Part of the problem is that Windows doesn't provide much choice when
it comes to encodings. You have 16-bit Unicode (i.e. UCS-2LE) and the
system's codepage, and that's it. For Japanese, the system codepage is
CP932 (Shift-JIS), and anything which doesn't use UCS-2LE (i.e. 
anything which needs to use an ASCII-compatible encoding, e.g. 
virtually every external data format except those which mandate UTF-8)
will be in Shift-JIS.

> > The main reason it is used in the FreeType code is that it's the
> > simplest encoding to decode to an integer codepoint.
> 
> This is true for multibyte characters, but not single byte characters.  

I don't understand what you're saying here. Or maybe you're
misunderstanding something. UCS-2BE is just 16-bit unicode codepoints
stored in big-endian byte order.

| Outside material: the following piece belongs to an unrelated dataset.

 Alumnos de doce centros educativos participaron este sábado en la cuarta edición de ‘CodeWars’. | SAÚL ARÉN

This encoding was chosen because it's
trivial to convert to an FT_ULong. Decoding UCS-2BE to Unicode
codepoints is just:

	wchar_t *chars;
	char *bytes;

	for (i = 0; i < num_chars; i++)
		chars[i] = (bytes[2*i] << 8) | bytes[2*i+1];

[Not to be confused with UTF-16, which is almost the same as UCS-2,
except that UTF-16 supports codepoints above U+FFFF using surrogates
while UCS-2 is limited to the BMP.]

> Besides, I'm offering the decoder, so it shouldn't make a lot of difference 
> whether it is more complex or not. 
> 
> >> It makes more sense to translate anything that isn't already encoded in 
> >> UTF-8 into UTF-8, then decode UTF-8 to FreeType.  That way UTF-8 systems 
> >> would not have to go through an encode-decode cycle. 
> > 
> > That's easier to program (all conversions other than UTF-8 to
> > UCS-2/UCS-4 become the responsibility of the user), but it's a lot
> > less useful (because the user has to explicitly convert everything).
> 
> Sorry if I mislead you.  My suggestion was that the code would retain 
> convert_str and convert_str would use iconv to convert all user-supplied 
> encodings to UTF-8 instead of to UCS-2BE as it does now.  Draw_text would 
> decode UTF-8 to FT_ULong.

Using UTF-8 as the intermediate encoding doesn't make sense.

> There would be no responsibility on the user that 
> isn't there now.  Anything coming in from a UTF-8 system could skip 
> convert_str. 
> 
> But now that you mention it, just using iconv to convert everything to 
> UCS-4BE and casting that to FT_ULong might be a simpler solution yet.

Yes; that's basically what happens now, except that it uses UCS-2
rather than UCS-4. Given the relatively small amounts of data
involved, the performance advantages of using UCS-2 are negligible.

Also, AFAIK, FT_ULong is in the host's byte order, so you either need
to convert char[4] to FT_ULong using shift+or (which is what happens
at present), or use either UCS-4BE or UCS-4LE depending upon the
host's byte order (Vax users are out of luck).

> That would leave iconv with the responsibility for checking the
> UTF-8 stream for malformed encodings. I'm not sure how much of that
> checking iconv actually does.

iconv (at least the GNU implementation) is very rigid; it won't accept
anything which doesn't strictly conform to the input encoding.